_What is needed_.
Both the line below containing "응봉면 스카이차 비용" and the line containing "Fogo Peacock Bass", along with every line between them, should be repeated exactly; no other line belongs in the answer.

_Input_.

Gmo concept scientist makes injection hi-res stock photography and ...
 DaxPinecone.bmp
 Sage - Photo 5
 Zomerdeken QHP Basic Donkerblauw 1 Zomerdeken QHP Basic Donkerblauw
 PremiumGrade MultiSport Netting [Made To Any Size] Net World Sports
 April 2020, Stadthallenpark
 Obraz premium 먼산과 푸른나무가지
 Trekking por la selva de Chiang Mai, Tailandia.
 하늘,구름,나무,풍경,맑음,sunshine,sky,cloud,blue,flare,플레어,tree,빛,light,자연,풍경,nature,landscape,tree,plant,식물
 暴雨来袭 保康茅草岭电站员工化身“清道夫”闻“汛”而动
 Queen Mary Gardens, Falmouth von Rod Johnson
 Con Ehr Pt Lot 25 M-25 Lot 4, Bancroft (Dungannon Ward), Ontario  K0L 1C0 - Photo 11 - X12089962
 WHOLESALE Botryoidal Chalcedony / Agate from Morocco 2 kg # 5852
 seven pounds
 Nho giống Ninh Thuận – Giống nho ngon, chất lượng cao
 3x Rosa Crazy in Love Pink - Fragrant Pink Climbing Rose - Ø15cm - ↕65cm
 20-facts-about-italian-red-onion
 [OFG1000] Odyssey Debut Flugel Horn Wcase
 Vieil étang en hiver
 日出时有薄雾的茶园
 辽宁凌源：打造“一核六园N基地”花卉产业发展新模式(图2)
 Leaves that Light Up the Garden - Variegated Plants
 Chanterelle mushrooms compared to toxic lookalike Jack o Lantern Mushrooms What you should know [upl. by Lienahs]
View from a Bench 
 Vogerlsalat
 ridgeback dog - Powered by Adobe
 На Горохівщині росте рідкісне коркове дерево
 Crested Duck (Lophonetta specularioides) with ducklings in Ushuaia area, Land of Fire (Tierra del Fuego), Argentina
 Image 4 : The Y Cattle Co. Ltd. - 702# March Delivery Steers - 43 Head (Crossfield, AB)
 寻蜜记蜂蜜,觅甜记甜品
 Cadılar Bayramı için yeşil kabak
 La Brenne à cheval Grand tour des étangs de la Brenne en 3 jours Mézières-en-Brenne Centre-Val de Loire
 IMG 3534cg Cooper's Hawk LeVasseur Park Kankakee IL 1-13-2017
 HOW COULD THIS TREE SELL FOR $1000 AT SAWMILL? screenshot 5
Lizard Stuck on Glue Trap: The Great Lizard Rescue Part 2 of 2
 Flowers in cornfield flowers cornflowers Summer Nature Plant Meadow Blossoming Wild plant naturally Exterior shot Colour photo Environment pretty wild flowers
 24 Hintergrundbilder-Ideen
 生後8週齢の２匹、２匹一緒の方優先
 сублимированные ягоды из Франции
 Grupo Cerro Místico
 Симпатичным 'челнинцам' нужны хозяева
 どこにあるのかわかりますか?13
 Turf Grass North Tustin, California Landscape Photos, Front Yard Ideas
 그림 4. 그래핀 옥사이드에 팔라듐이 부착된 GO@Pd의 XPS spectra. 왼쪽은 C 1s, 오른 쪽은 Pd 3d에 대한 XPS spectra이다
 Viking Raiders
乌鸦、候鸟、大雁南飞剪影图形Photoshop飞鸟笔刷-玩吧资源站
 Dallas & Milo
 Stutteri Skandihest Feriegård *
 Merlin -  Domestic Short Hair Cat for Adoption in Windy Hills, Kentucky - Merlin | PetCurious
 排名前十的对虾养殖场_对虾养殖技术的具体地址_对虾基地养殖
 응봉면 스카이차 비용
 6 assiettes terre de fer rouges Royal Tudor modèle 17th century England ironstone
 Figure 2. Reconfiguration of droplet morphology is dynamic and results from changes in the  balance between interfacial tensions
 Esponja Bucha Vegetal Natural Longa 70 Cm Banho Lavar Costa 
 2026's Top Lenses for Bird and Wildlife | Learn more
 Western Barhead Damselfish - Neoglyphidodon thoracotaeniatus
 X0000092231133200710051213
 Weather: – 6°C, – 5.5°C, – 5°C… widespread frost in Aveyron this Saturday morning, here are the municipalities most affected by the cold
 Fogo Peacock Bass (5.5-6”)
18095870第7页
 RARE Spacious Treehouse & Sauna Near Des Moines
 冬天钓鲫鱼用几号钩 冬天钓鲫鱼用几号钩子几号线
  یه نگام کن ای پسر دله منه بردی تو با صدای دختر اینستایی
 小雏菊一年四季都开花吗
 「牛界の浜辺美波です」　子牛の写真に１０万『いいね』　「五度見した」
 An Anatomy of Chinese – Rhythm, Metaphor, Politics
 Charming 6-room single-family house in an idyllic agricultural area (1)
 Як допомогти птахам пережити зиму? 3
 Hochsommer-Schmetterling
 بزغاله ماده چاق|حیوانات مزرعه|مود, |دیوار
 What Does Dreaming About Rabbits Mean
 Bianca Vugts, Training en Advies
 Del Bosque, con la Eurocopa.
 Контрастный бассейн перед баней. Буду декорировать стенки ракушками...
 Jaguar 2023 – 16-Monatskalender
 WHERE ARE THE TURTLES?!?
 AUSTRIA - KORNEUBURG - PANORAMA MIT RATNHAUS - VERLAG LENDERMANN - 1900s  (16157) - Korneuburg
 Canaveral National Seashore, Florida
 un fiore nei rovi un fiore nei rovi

_Exercise response_.
 응봉면 스카이차 비용
 6 assiettes terre de fer rouges Royal Tudor modèle 17th century England ironstone
 Figure 2. Reconfiguration of droplet morphology is dynamic and results from changes in the  balance between interfacial tensions
 Esponja Bucha Vegetal Natural Longa 70 Cm Banho Lavar Costa 
 2026's Top Lenses for Bird and Wildlife | Learn more
 Western Barhead Damselfish - Neoglyphidodon thoracotaeniatus
 X0000092231133200710051213
 Weather: – 6°C, – 5.5°C, – 5°C… widespread frost in Aveyron this Saturday morning, here are the municipalities most affected by the cold
 Fogo Peacock Bass (5.5-6”)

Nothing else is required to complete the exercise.